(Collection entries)

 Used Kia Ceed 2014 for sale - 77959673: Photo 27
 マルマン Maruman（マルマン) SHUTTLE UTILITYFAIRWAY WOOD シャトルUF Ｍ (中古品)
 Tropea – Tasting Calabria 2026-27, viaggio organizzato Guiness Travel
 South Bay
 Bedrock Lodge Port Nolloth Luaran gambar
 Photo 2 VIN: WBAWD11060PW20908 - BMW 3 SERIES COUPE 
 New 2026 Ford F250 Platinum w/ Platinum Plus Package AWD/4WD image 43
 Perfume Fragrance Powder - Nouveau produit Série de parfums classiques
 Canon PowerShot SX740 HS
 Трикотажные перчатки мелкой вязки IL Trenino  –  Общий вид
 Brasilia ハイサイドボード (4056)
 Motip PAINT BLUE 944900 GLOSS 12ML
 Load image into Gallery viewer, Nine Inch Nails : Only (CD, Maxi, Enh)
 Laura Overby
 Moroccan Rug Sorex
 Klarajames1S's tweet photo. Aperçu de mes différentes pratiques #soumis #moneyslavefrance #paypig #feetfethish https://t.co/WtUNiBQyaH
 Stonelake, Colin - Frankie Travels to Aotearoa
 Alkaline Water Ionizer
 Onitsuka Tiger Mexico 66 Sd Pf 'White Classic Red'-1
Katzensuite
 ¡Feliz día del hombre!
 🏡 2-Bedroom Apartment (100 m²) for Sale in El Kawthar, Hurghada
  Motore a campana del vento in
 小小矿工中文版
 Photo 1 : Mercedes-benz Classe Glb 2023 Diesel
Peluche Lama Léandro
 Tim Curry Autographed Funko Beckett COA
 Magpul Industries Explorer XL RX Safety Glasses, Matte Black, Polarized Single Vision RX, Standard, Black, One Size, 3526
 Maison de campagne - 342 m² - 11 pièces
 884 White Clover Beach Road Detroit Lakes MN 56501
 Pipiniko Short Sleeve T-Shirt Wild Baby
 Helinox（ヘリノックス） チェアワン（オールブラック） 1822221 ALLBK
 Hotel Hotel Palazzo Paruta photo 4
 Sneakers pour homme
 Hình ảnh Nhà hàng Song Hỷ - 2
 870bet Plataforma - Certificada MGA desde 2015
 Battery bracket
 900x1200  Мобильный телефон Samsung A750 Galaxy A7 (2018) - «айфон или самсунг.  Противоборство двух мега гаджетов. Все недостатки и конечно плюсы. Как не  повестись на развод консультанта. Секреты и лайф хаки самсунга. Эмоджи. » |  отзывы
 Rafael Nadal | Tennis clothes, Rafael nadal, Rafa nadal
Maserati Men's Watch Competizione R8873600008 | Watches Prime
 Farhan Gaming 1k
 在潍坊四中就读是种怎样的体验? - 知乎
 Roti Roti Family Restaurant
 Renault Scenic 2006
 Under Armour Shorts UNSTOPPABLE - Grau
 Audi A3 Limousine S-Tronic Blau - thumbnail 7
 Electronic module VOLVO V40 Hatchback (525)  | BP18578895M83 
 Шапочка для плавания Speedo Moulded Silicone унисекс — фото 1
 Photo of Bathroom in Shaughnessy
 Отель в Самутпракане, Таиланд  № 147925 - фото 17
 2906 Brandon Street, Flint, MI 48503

# Exercise prompt
Set down, exactly as they appear above, all lines from the one that has "New 2026 Ford" down to the one that has "Peluche Lama Léandro", including those two and no others.

# Written answer
 New 2026 Ford F250 Platinum w/ Platinum Plus Package AWD/4WD image 43
 Perfume Fragrance Powder - Nouveau produit Série de parfums classiques
 Canon PowerShot SX740 HS
 Трикотажные перчатки мелкой вязки IL Trenino  –  Общий вид
 Brasilia ハイサイドボード (4056)
 Motip PAINT BLUE 944900 GLOSS 12ML
 Load image into Gallery viewer, Nine Inch Nails : Only (CD, Maxi, Enh)
 Laura Overby
 Moroccan Rug Sorex
 Klarajames1S's tweet photo. Aperçu de mes différentes pratiques #soumis #moneyslavefrance #paypig #feetfethish https://t.co/WtUNiBQyaH
 Stonelake, Colin - Frankie Travels to Aotearoa
 Alkaline Water Ionizer
 Onitsuka Tiger Mexico 66 Sd Pf 'White Classic Red'-1
Katzensuite
 ¡Feliz día del hombre!
 🏡 2-Bedroom Apartment (100 m²) for Sale in El Kawthar, Hurghada
  Motore a campana del vento in
 小小矿工中文版
 Photo 1 : Mercedes-benz Classe Glb 2023 Diesel
Peluche Lama Léandro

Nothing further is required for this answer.